Extracted data Start Marker

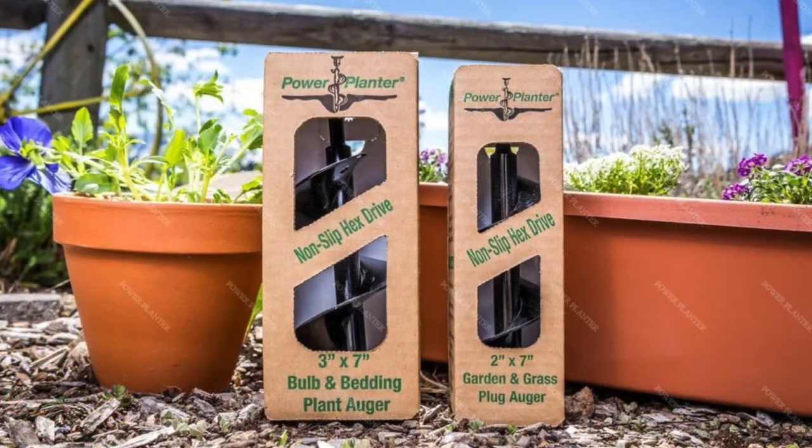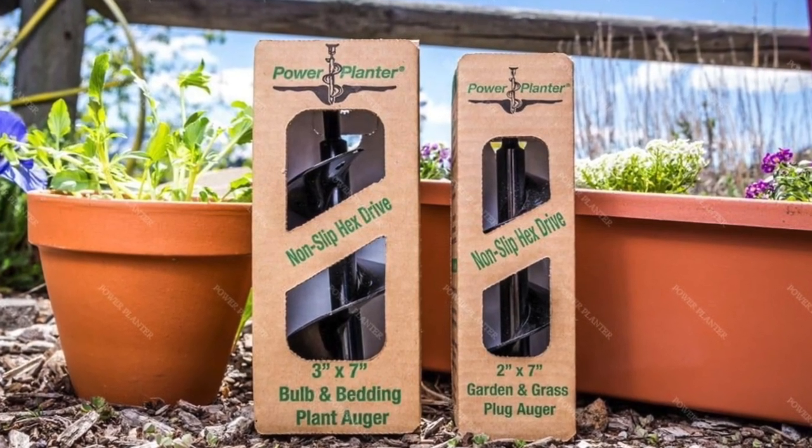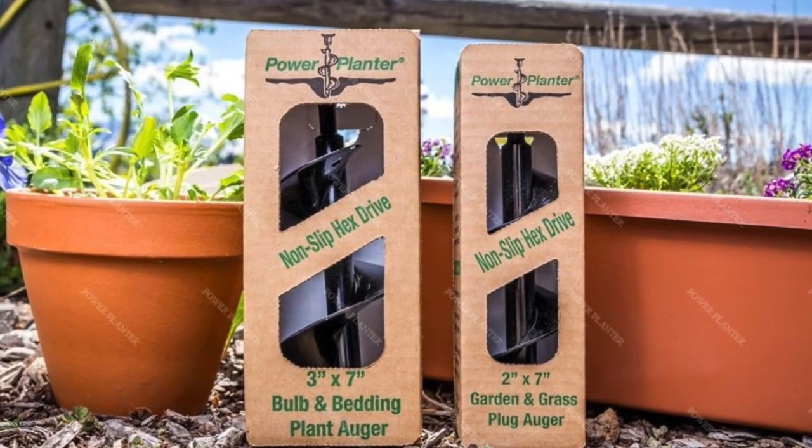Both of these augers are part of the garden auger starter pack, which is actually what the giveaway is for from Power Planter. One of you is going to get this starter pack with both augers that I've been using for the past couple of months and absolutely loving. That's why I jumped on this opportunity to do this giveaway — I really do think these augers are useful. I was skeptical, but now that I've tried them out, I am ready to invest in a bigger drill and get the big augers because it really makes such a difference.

Extracted data End Marker
Extracted data Start Marker

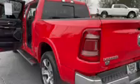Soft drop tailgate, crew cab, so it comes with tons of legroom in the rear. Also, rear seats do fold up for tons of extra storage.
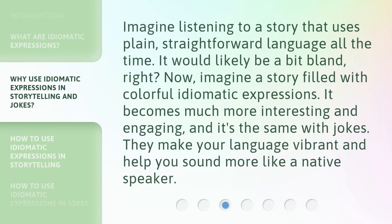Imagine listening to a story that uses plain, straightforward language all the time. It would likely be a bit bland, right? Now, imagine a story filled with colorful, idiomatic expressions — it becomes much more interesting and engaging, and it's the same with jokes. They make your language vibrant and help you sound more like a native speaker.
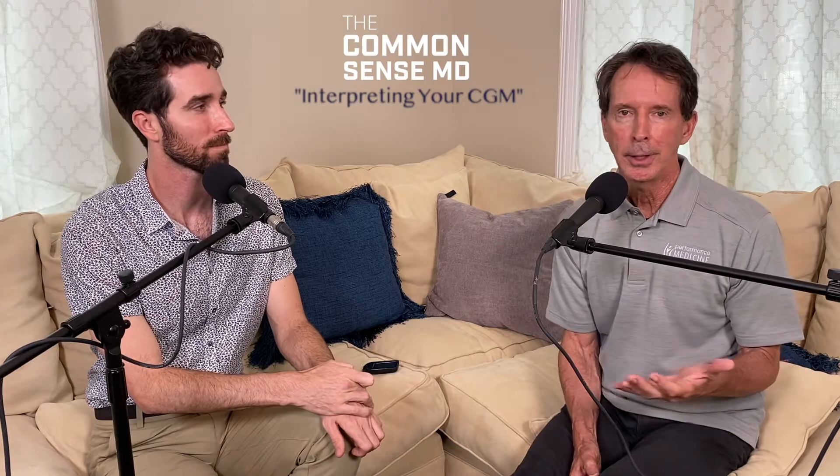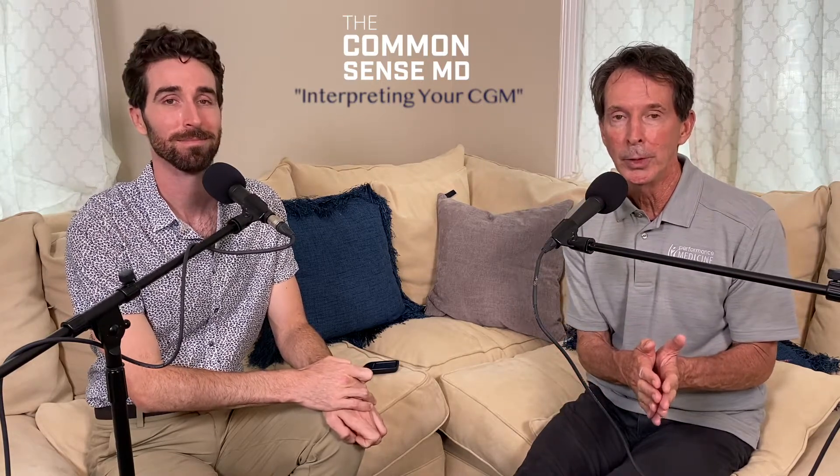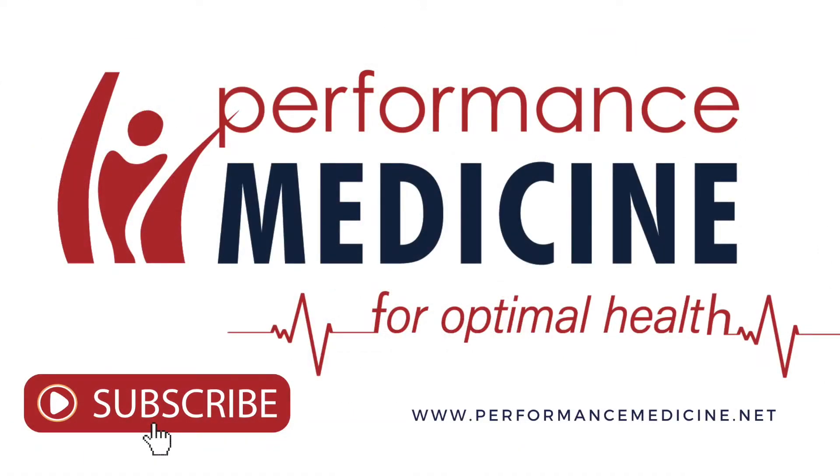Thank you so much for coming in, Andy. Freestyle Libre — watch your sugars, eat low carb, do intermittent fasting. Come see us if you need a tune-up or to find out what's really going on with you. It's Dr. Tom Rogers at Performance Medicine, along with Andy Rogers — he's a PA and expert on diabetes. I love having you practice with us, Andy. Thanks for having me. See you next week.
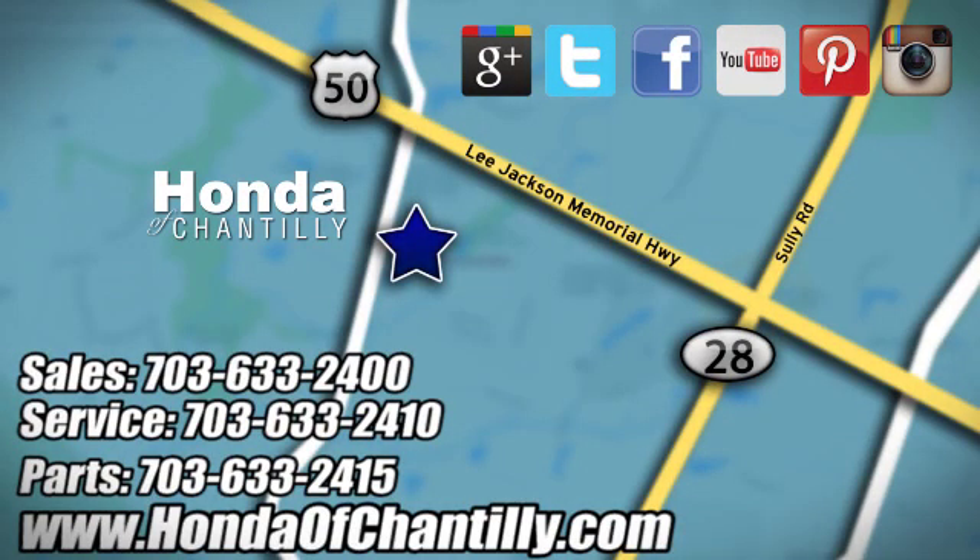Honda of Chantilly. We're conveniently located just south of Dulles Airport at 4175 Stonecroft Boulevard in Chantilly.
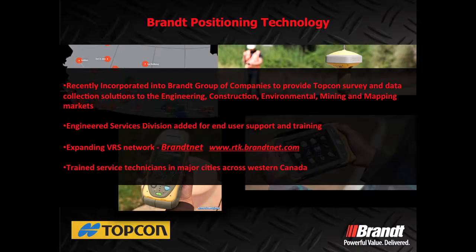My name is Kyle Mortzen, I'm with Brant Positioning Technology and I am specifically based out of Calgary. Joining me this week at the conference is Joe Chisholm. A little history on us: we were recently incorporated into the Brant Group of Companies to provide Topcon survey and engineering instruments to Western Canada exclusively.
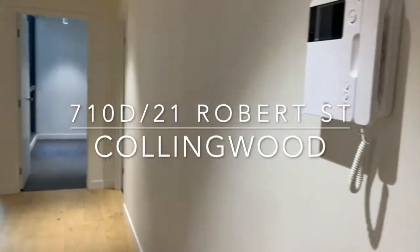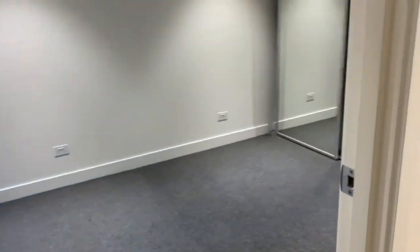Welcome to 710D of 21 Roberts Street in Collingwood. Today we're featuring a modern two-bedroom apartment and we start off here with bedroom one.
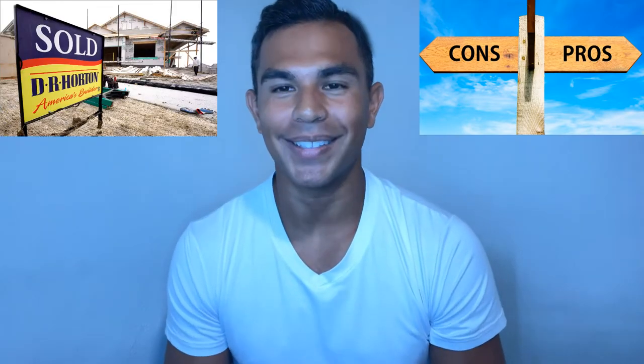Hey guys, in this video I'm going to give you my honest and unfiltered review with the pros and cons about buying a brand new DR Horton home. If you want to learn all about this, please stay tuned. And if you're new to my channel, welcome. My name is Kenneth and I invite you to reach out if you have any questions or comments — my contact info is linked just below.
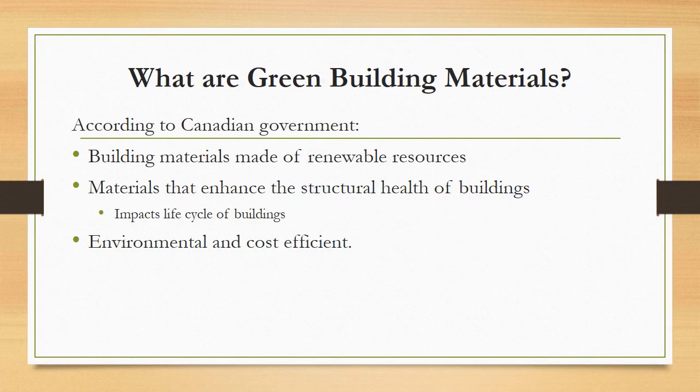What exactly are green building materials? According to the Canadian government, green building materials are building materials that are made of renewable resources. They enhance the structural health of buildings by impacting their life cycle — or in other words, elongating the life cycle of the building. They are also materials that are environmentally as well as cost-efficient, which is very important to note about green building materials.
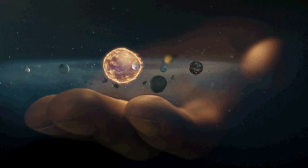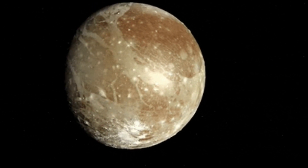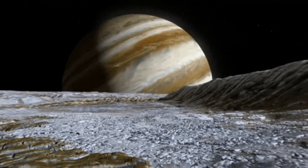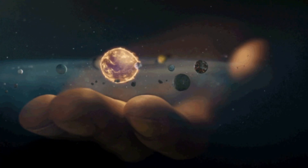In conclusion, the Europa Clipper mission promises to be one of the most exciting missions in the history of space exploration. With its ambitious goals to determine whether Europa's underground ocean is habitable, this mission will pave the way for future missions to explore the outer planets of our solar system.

Extracted data End Marker
Extracted data Start Marker

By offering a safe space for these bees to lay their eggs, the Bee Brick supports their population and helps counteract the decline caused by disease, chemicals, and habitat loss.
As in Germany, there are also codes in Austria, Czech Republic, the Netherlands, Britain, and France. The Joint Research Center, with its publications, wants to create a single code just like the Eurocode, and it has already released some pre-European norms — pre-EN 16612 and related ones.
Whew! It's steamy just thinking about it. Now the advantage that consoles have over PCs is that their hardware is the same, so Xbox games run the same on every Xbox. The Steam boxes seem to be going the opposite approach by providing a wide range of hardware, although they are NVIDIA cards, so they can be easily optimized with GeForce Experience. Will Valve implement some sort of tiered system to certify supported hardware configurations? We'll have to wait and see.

Extracted data End Marker

▸ **Problem requirements**
In the entries above, which lines run from the one with "Welcome to 710D" up to and including the one with "Hey guys, in"? Write them out exactly, without the pictures.

▸ **Result of the task**
Welcome to 710D of 21 Roberts Street in Collingwood. Today we're featuring a modern two-bedroom apartment and we start off here with bedroom one.
Hey guys, in this video I'm going to give you my honest and unfiltered review with the pros and cons about buying a brand new DR Horton home. If you want to learn all about this, please stay tuned. And if you're new to my channel, welcome. My name is Kenneth and I invite you to reach out if you have any questions or comments — my contact info is linked just below.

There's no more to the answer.